Messner Vetere Berger McNamee Schmetterer
- Formerly: Messner Vetere Berger Carey Messner Vetere Berger Carey Schmetterer Messner Vetere Berger Carey Schmetterer RSCG Messner Vetere Berger McNamee Schmetterer/Euro RSCG
- Industry: Advertising agency
- Founded: 1986; 39 years ago
- Founders: Tom Messner Barry Vetere Ron Berger Wally Carey Louise McNamee Bob Schmetterer
- Fate: Acquired by RSCG (now Havas)
- Headquarters: New York City, United States

= Messner Vetere Berger McNamee Schmetterer/Euro RSCG =

Messner Vetere Berger McNamee Schmetterer was an American advertising agency in New York City.
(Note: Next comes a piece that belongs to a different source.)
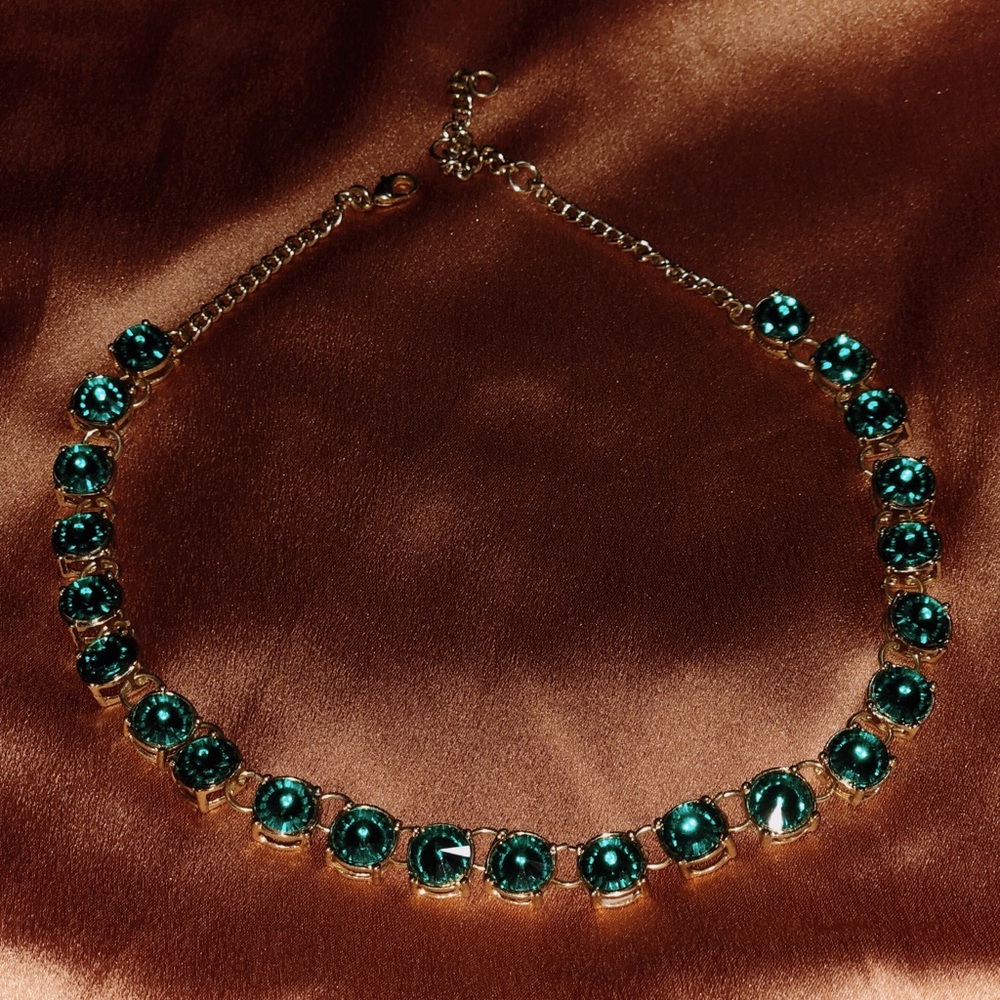 EMERALD GEM NECKLACE GREEN & GOLD CHOKER STYLE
Founded in 1986, it has had several name changes:
- Messner Vetere Berger Carey
- Messner Vetere Berger Carey Schmetterer
- Messner Vetere Berger Carey Schmetterer RSCG
- Messner Vetere Berger McNamee Schmetterer/Euro RSCG

The principals whose names have appeared in the company name are Tom Messner, Barry Vetere, Ron Berger, Wally Carey, Louise McNamee and Bob Schmetterer.

Through the 1990s, the agency was the fastest-growing major agency in the advertising industry, and clients included Volvo, MCI, Evian, Schering Plough, and Nestlé, not to mention Intel, Peugeot, 1-800-COLLECT, NEW BALANCE, BUSH FOR PRESIDENT (1988), Commodore Computers, Atari Computers, Windstar Cruises, Select Comfort Mattresses, Club Med, Dunkin Donuts, Subway, and The Catholic Big Sisters.

Messner Vetere Berger Carey Schmetterer was acquired by French Advertising agency RSCG. In 1994, Euro RSCG owned 60.8% of Messner Vetere Berger McNamee Schmetterer/Euro RSCG. In 1994, when Wired magazine launched its website HotWired and pioneered banner ads on the web, Messner Vetere Berger Carey Schmetterer RSCG was the first agency ever to place banner ads on the website (and on the web) for its clients.

Euro RSCG later was acquired by Eurocom, a division of Havas. The agency became the New York office of RSCG and RSCG became the Paris office of Messner Vetere Berger Carey Schmetterer.